На мой взгляд, все это может и не складываться в уникальную русскую идею, но действительно задает особенный характер России, помогает ей оставаться оплотом стабильности на евразийском континенте и вносить важную лепту в культуру и политику по всему миру. С другой стороны, сюрреалистическая сторона России продолжает прорываться наружу (этот аспект вашей страны увековечен в «Мастере и Маргарите») — для экономистов, бюрократов и государственных деятелей это сущий ад, но, если бы не эти постоянные вспышки яркого цвета, картина была бы довольно унылой.
— Давайте напоследок вернемся к вашим книгам. Было бы здорово, если бы после «Чечни» на русском вышли и ваши работы 1990-х годов о Прибалтике и Украине. Они сейчас требуют каких-то принципиальных корректив с учетом истории прошедших двух с половиной десятилетий?
— Я думаю, что для российских читателей моя книга 1993 года о странах Прибалтики («Балтийские революции: Эстония, Латвия, Литва и путь к независимости») имеет ценность в качестве исторического портрета этих стран, включая их исчезнувшие меньшинства наподобие евреев, поляков и моих собственных немецких предков, а также как свидетельства очевидца происходившего там в годы краха СССР, с 1990-го по 1992-й. Было бы здорово переиздать эту книгу с обзором прошедших тридцати лет после обретения независимости в эпилоге.
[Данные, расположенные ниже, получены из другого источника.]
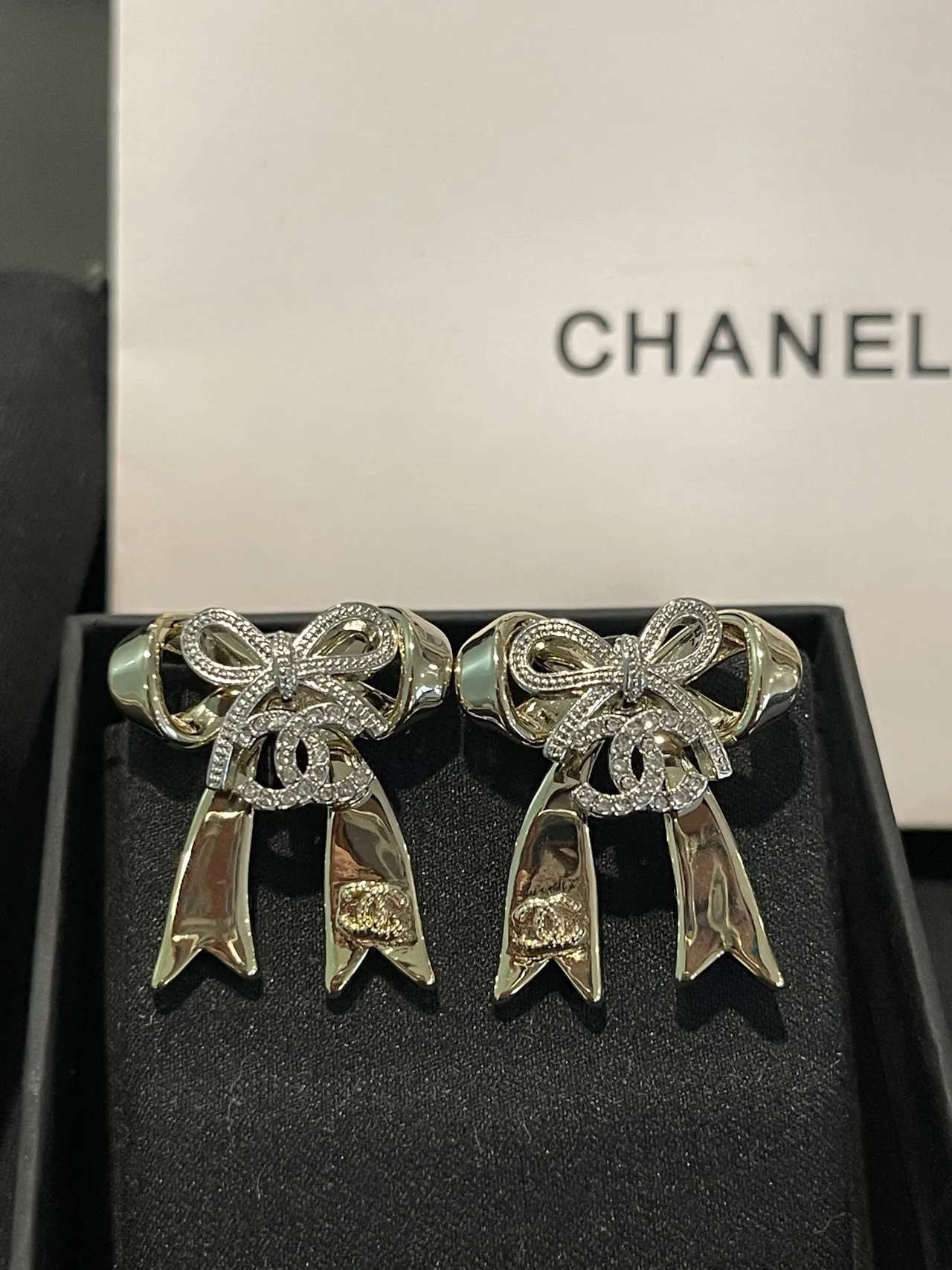 Chanel Bow Silver White Crystal-Pavé Earrings 4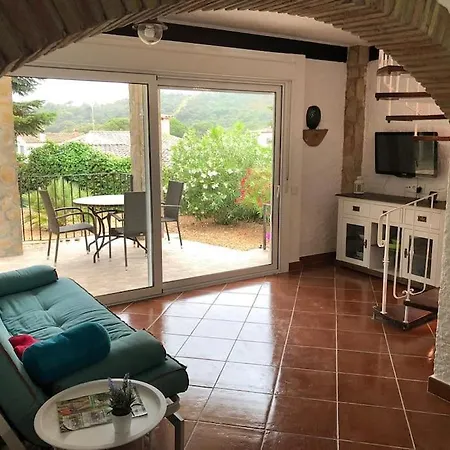 Tranquil House Perfect For Vacations Casa de Férias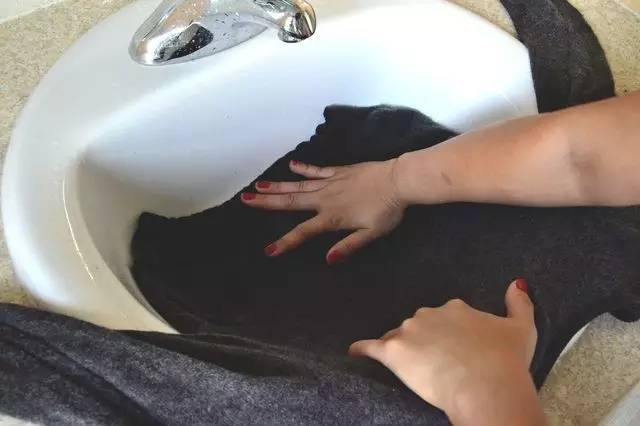全棉衣服缩水怎么还原,羊毛衣服缩水了怎么恢复原状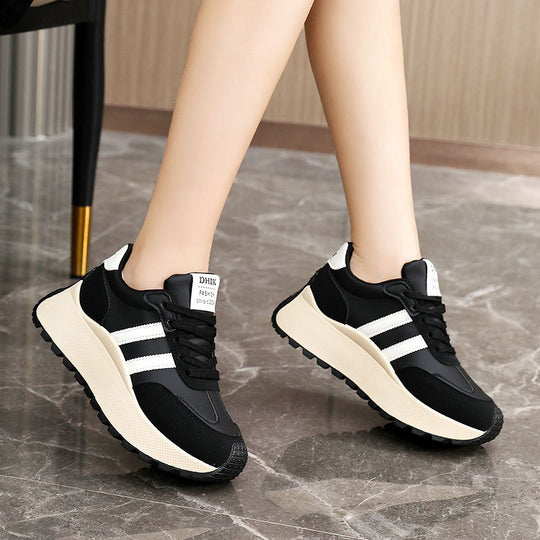 Damen Sportliche Sneakers mit modernem Design und dämpfender Laufsohle EB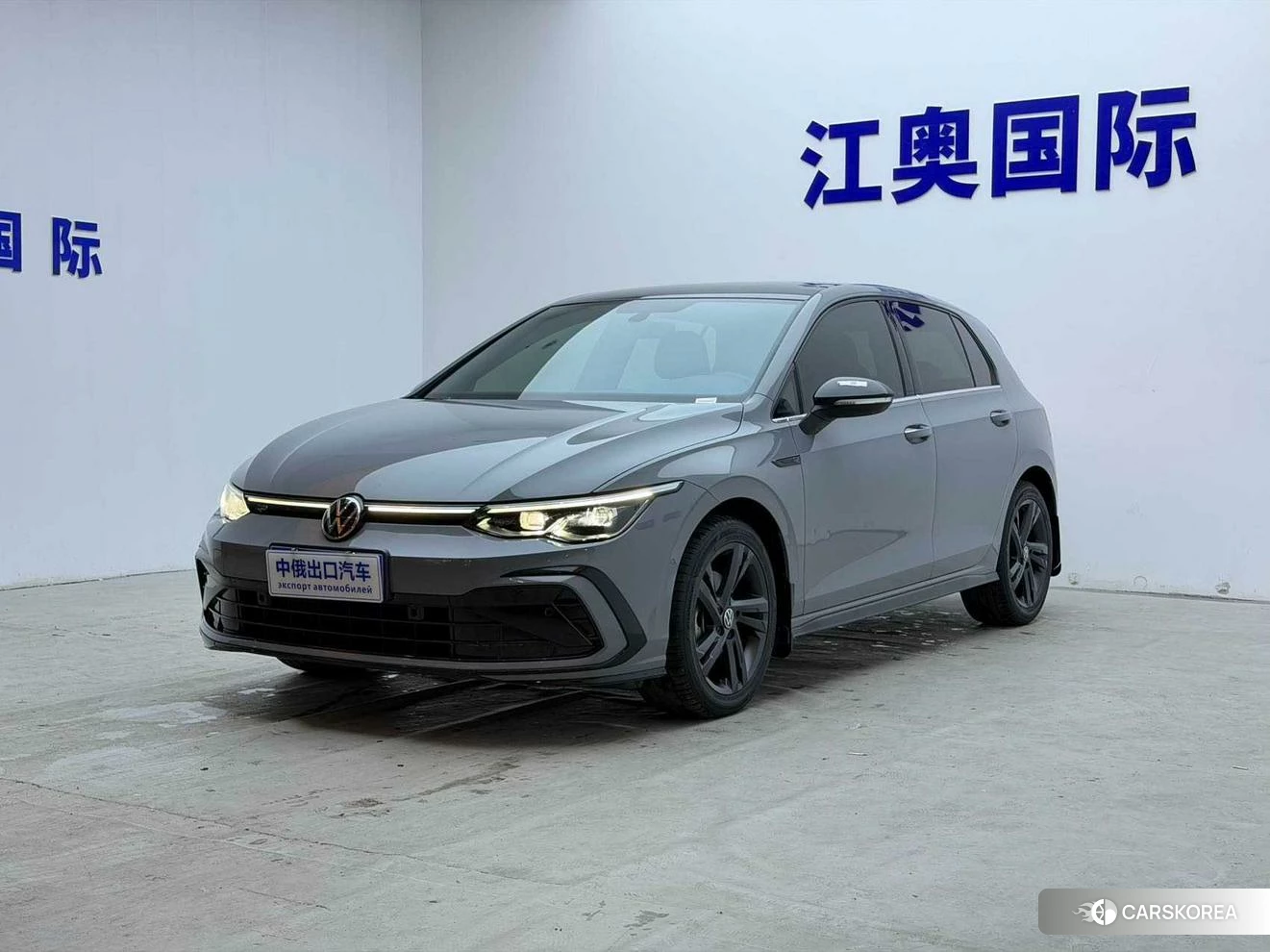 Volkswagen Golf 2023 Темно-серый из Китая, фото 2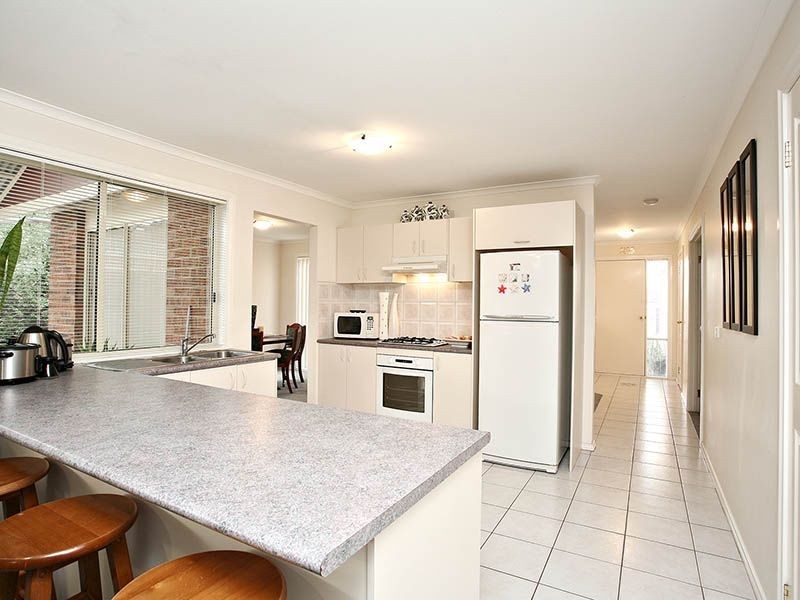 9 Bookham Way, Cranbourne VIC 3977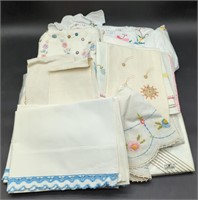 (KC) Linens. Bedspread, Pillowcases, Table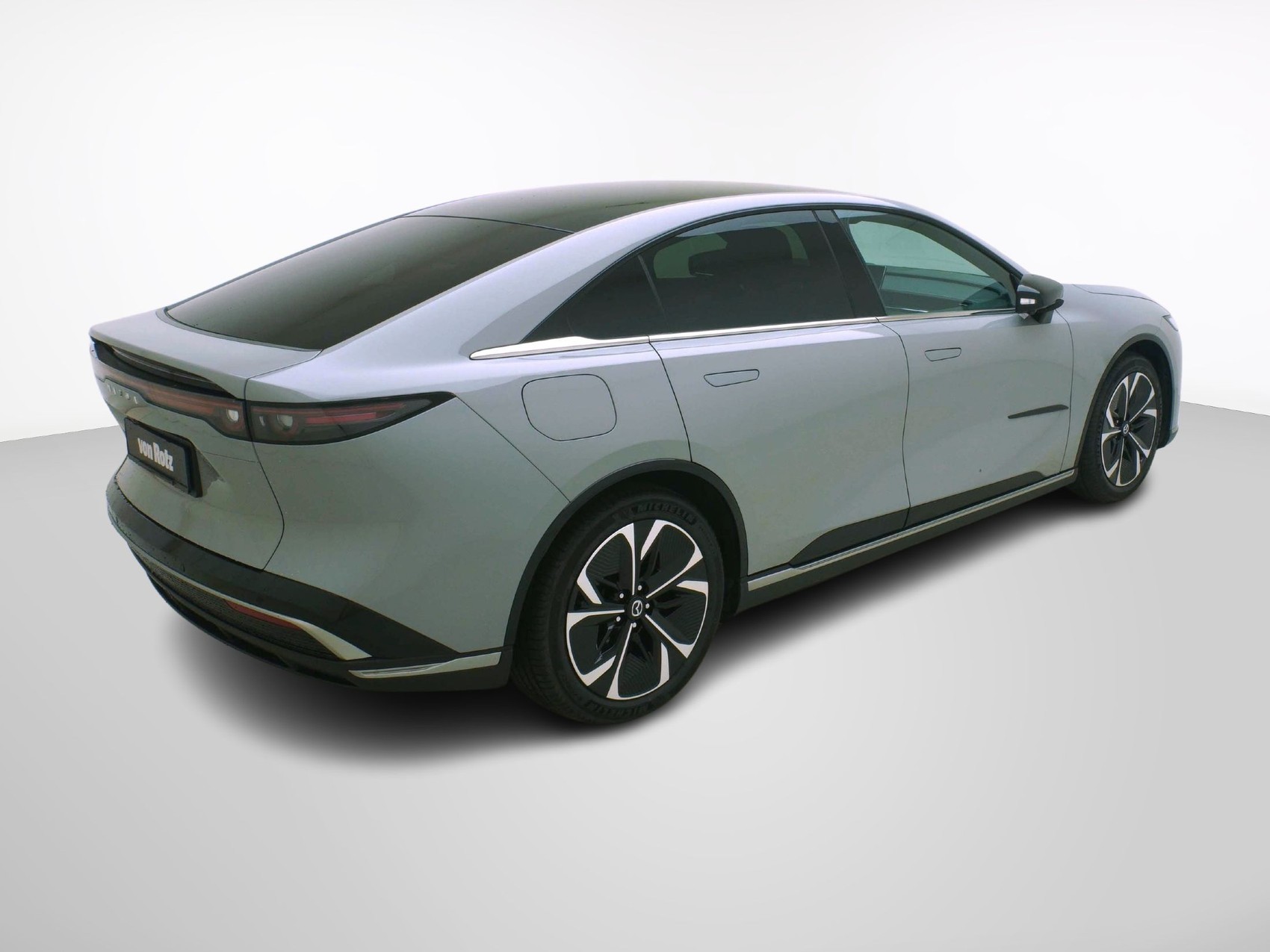 MAZDA 6e Takumi ⚡Schnellladezeit 10-80% in nur 24 Minuten⚡-image-3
Что касается моей небольшой книги об Украине, то она приобрела бы большую ценность в 2014 году, спустя пятнадцать лет после ее издания, если бы кто-то из власть предержащих на Западе или в России прочел ее и извлек из нее уроки. Сегодня она читается в большей степени как плач по трагически упущенным возможностям.
— Вы говорили мне о планах написать книгу о современной России. По-прежнему ли они актуальны?
— Пока я отложил этот проект, так как последние два года занимался книгой о климатических изменениях и национальном государстве, а ближайшие три года уйдут на написание книги о национализме и прогрессе в современной истории. К тому же я твердо уверен: чтобы написать что-нибудь стоящее о современной России, надо прожить здесь несколько лет, а у меня такой возможности не было начиная с 1990-х годов. Очередная же книга с рассуждениями живущего за пределами России западного «эксперта» — последнее, что я хотел бы выпустить в свет. Но когда я смогу наконец избавиться от академических обязательств и снова пожить в России, я обязательно напишу новую книгу о вашей стране. Мне было бы крайне интересно сравнить Россию 2025-го или 2030 года (как говорится, если будем живы) с той страной, которую я видел в 1990-х годах.